Supplied information -
--------------------------------------------------
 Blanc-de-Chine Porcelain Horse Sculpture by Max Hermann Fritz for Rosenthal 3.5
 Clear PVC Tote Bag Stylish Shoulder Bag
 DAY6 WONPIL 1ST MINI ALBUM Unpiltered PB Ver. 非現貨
--------------------------------------------------
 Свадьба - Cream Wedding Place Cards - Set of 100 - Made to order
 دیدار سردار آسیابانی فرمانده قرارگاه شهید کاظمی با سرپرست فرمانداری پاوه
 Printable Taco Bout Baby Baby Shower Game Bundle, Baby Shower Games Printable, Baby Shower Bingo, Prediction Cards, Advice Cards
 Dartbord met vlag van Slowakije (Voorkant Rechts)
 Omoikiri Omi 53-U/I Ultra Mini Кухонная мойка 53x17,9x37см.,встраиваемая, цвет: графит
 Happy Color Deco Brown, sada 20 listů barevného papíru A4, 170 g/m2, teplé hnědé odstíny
--------------------------------------------------
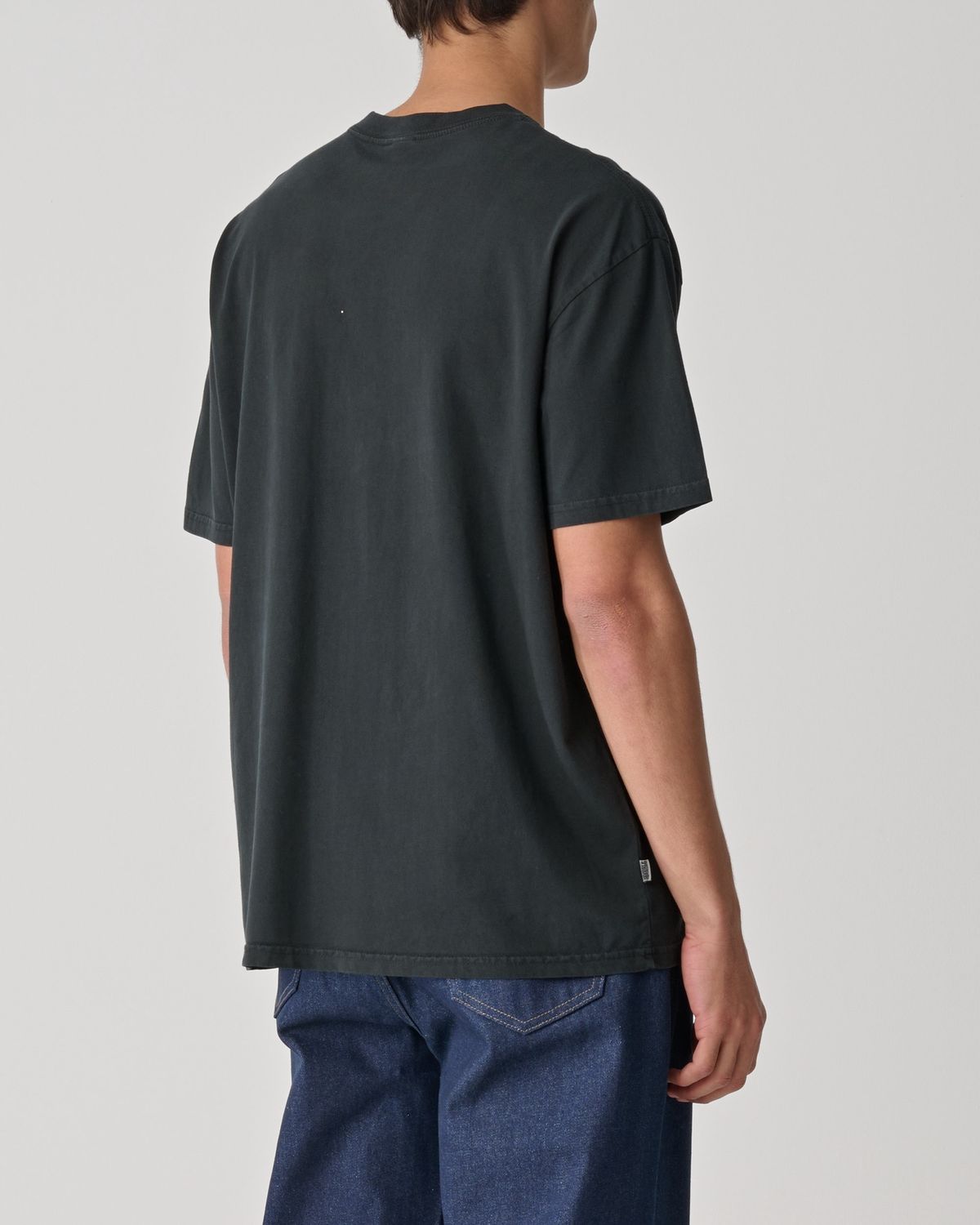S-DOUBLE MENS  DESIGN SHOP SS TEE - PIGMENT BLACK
--------------------------------------------------
Problem to work on -
Where in the records does the word "Cards" appear? Copy each line that holds it.

Solution -
 Свадьба - Cream Wedding Place Cards - Set of 100 - Made to order
 Printable Taco Bout Baby Baby Shower Game Bundle, Baby Shower Games Printable, Baby Shower Bingo, Prediction Cards, Advice Cards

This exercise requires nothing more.